In [None]:
import numpy as np
import pandas as pd
from keras.models import Sequential
from keras.layers import LSTM,Dense
import matplotlib.pyplot as plt

from keras.models import load_model

## Prediction of Closing Price of Stock LSTM
The goal is to predict the Closing Price behavior of a single company by predicting `n` coming days (`forward_days`), using as input the `m` past days (`look_back`).

### (Prevendo o preço de uma ação no mercado de ações)

O objetivo é prever o que acontecerá com o valor de fechamento de uma ação em `n` dias (`forward_days`), tendo como base os `m` dias anteriores (`look_back`).

In [None]:
look_back = 40
forward_days = 10
num_periods = 20

First, just open the CSV using Pandas, set the `Date` as index and keep only the Closing Price column.
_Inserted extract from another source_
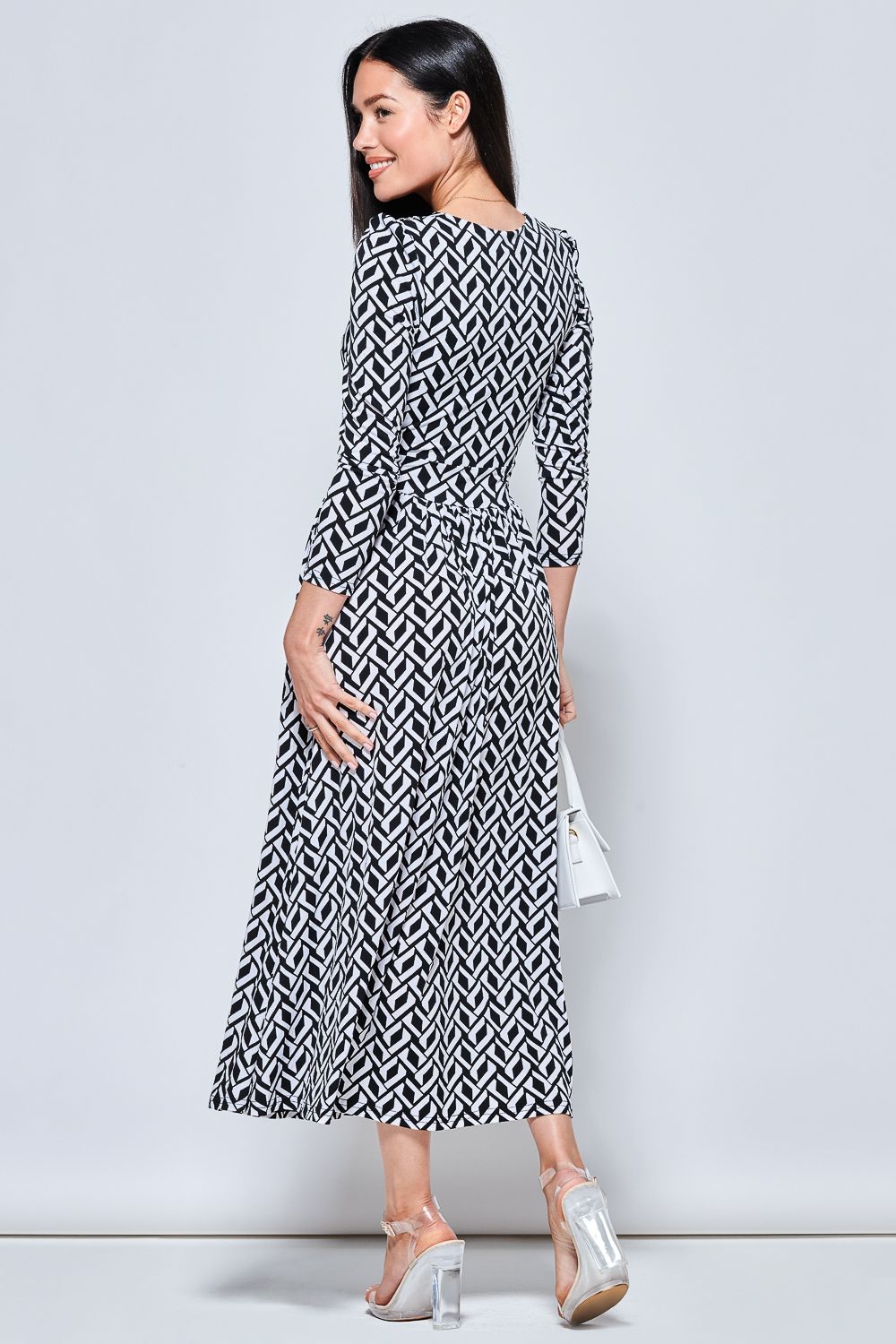 Jolie Moi Geometric Print Long Sleeve Maxi Dress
Primeiro, vamos abrir o CSV com o Pandas, colocar as datas como index e manter apenas a coluna que queremos prever, que é o preço de fechamento.

In [None]:
#open the csv, chose company_N, where N = {A, B, C or D}
df = pd.read_csv('data/company_A.csv')
#set date as index
df['Date'] = pd.to_datetime(df['Date'])
df.set_index('Date', inplace=True)
#keep only the 'Close' column
df = df['Close']

df.head()

In [None]:
len(df)

### Data visualization  ( Vizualizando os dados )

In [None]:
plt.figure(figsize = (15,10))
plt.plot(df, label='Company A')
plt.legend(loc='best')
plt.show()

### Data normalization  ( Normalizando os dados )

In [None]:
array = df.values.reshape(df.shape[0],1)
array[:5]

In [None]:
from sklearn.preprocessing import MinMaxScaler
scl = MinMaxScaler()
array = scl.fit_transform(array)
array[:5]

### Split the data in Data to Train/Validate the LSTM and Data to Test the model

The Test set will be the last `k` (`num_periods`) periods we want test the model. In each period, the model will predict the next `n` coming days. The remaning data will be used for Train/Validation.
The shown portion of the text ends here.